Riedel v. Riedel

6 Pa. D. & C.3d 5, 1978 Pa. Dist. & Cnty. Dec. LEXIS 357
CourtPennsylvania Court of Common Pleas, Carbon County
DecidedMarch 27, 1978
Docketno. 126
StatusPublished

This text of 6 Pa. D. & C.3d 5 (Riedel v. Riedel) is published on Counsel Stack Legal Research, covering Pennsylvania Court of Common Pleas, Carbon County primary law. Counsel Stack provides free access to over 12 million legal documents including statutes, case law, regulations, and constitutions.

Bluebook
Riedel v. Riedel, 6 Pa. D. & C.3d 5, 1978 Pa. Dist. & Cnty. Dec. LEXIS 357 (Pa. Super. Ct. 1978).

Opinion

LAVELLE, P.J.,

In this divorce action, according to a filed affidavit of service, plaintiff attempted to serve defendant by handing a true and correct copy of the complaint in divorce to defendant at her home in Franklin, Sussex County, New Jersey. Apparently plaintiff, on the date of the attempted service, also had defendant personally sign a form of return receipt for registered mail.

No appearance has been entered for defendant.

There is no authority for plaintiff to personally [6]*6serve a nonresident defendant with a complaint in divorce.
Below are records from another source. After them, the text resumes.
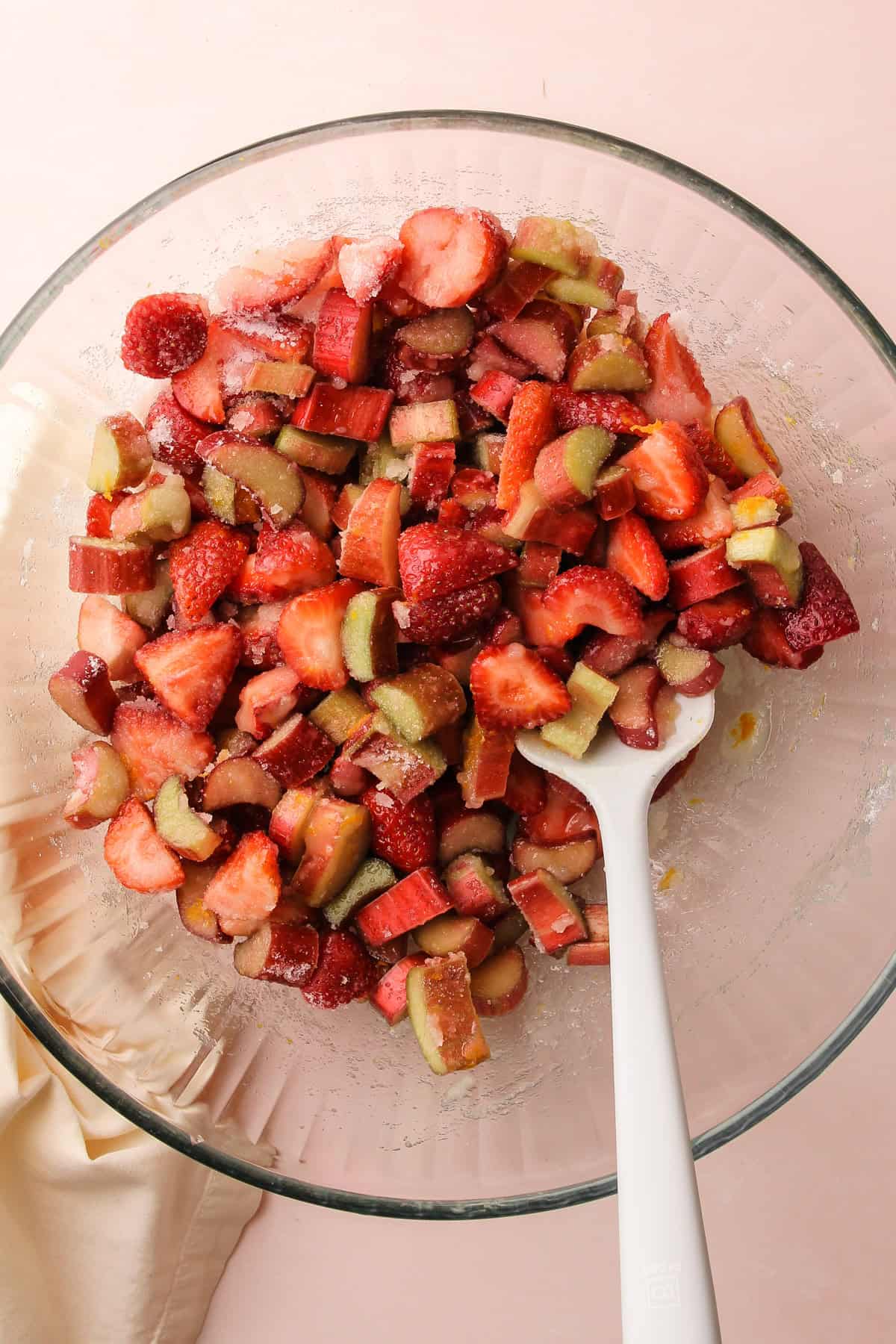 Fruit for a strawberry rhubarb crisp being mixed up in a bowl.
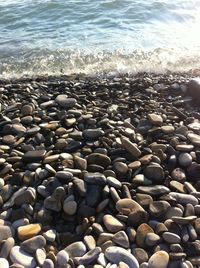 Close-up of pebbles on beach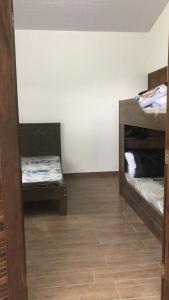 a room with two bunk beds and a tile floor at Casa Mar e Montanha 2, deck com vista para o mar in Trindade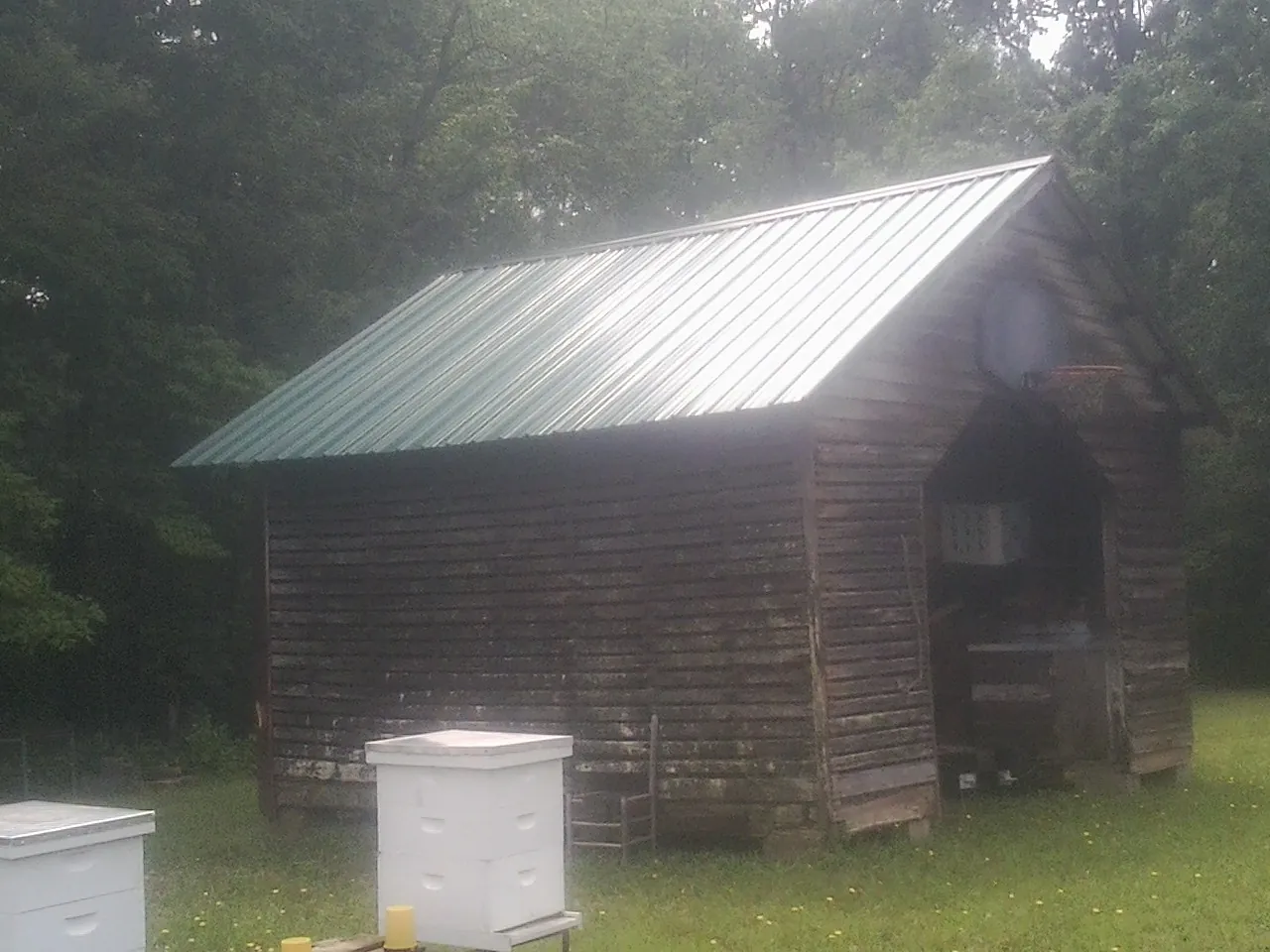 Green metal roof on a weathered barn beside stacked beehives in Baytown
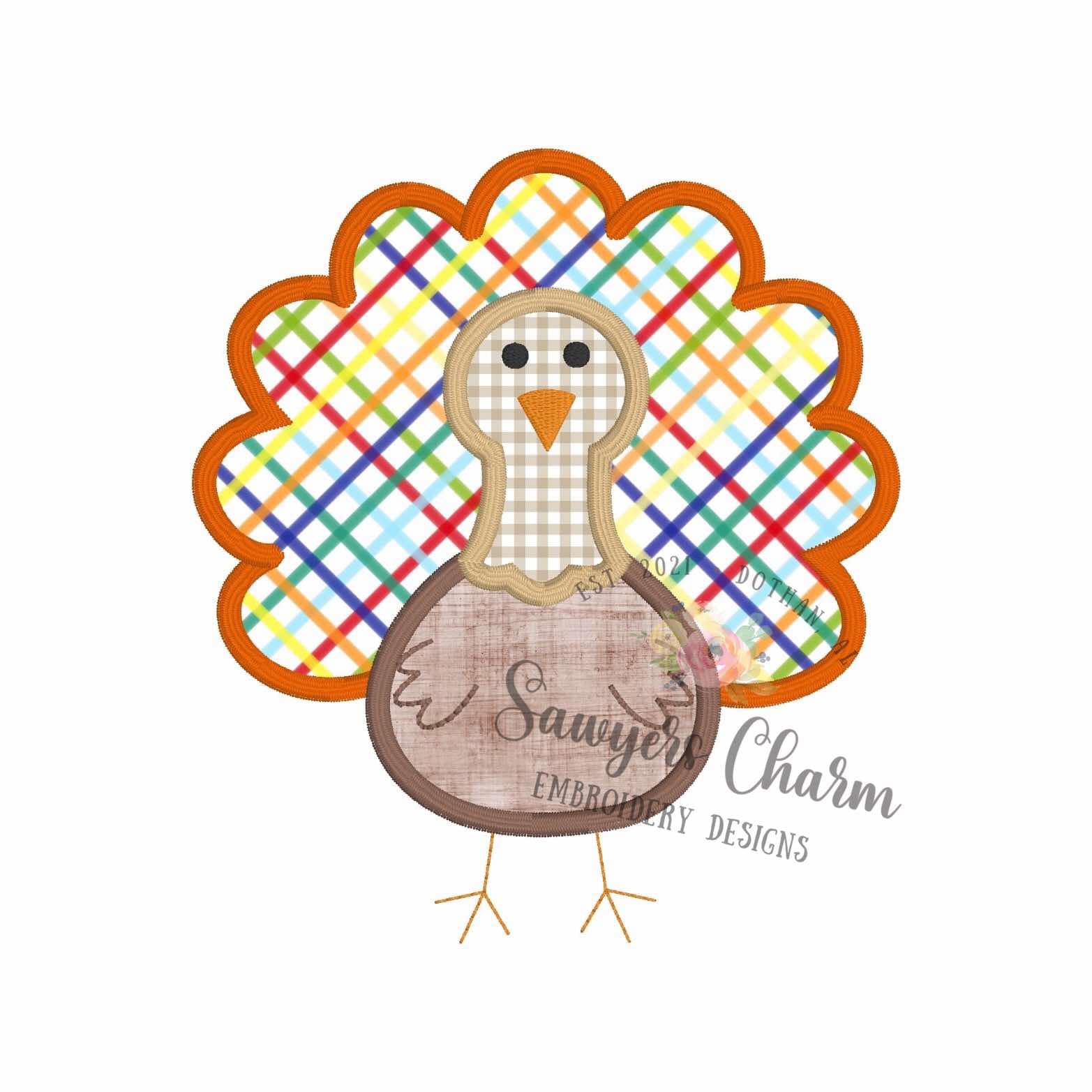 Colorful plaid turkey design with 'Sawyer Charm Embroidery Designs' text on a white background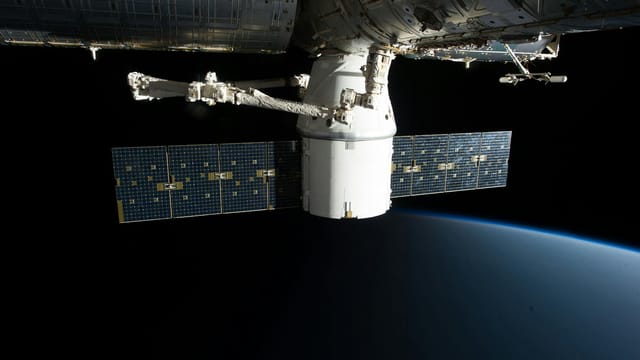 A SpaceX satellite hovering over Earth's horizon in outer space, showcasing advanced space technology.
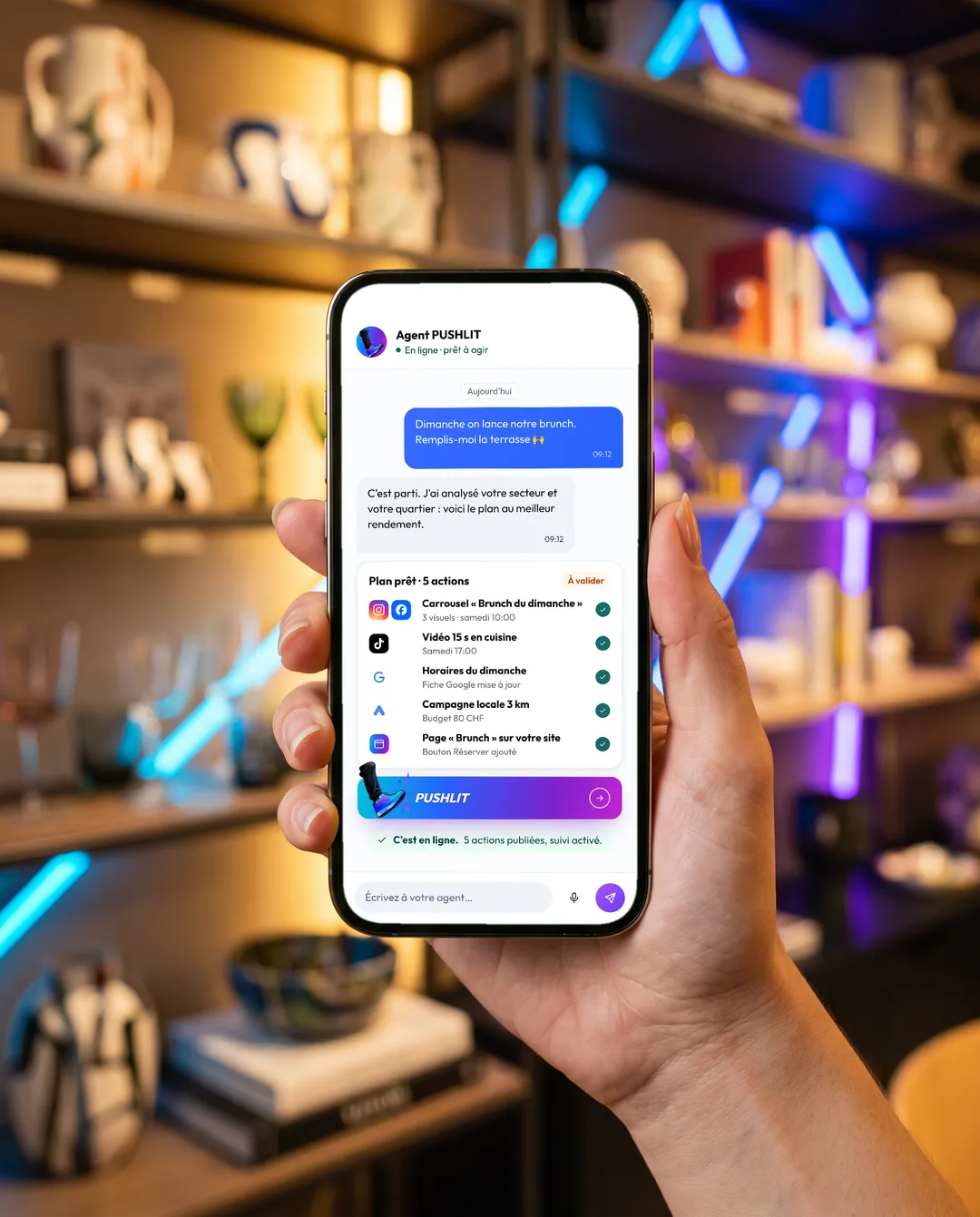 Main d'une commerçante tenant son téléphone avec l'app PUSHLIT dans sa boutique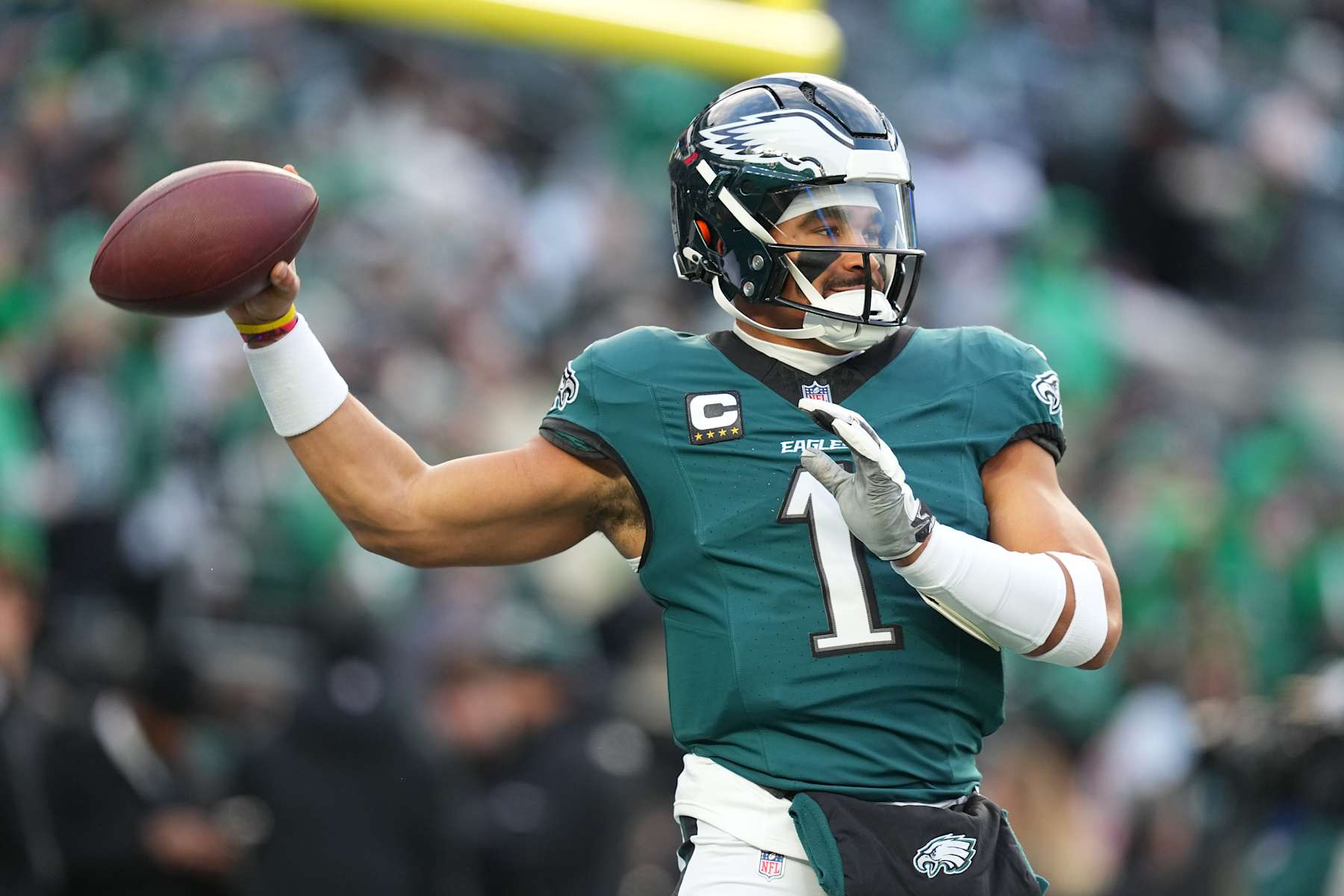 PHILADELPHIA, PENNSYLVANIA - JANUARY 12: Jalen Hurts #1 of the Philadelphia Eagles warms up prior to a game against the Green Bay Packers during the NFC Wild Card Playoff at Lincoln Financial Field on January 12, 2025 in Philadelphia, Pennsylvania.  (Photo by Mitchell Leff/Getty Images)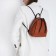 Women's backpack-Mini of artificial leather with lightning, brown color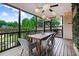 Cozy back porch with a ceiling fan, string lights, table and chairs, and outdoor seating at 52 Summit Overlook Dr, Clayton, NC 27527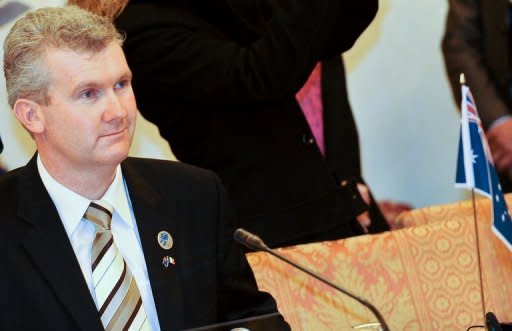 Australian government has halted the approval process for a huge Aus$6.4 billion coal mine owned by Indian infrastructure giant GVK and the world's richest woman Gina Rinehart. Federal Environment Minister Tony Burke (pictured in 2009) said he would not give the go-ahead until environmental concerns relating to run-off from the mine impacting the Great Barrier Reef were properly addressed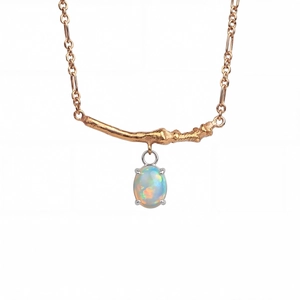 Macro detail of rose gold branch texture and oval fire opal pendant on necklace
Pennsylvania Rule of Civil Procedure 1124(a) provides that the complaint in an action of divorce be served:

“(3) by the plaintiff, outside the Commonwealth, by (a) having any attorney at law, other than the attorney for the plaintiff, hand a copy to the defendant, or (b) sending the defendant a copy by registered mail. Service by mail is not valid if the return receipt is not signed by him personally.”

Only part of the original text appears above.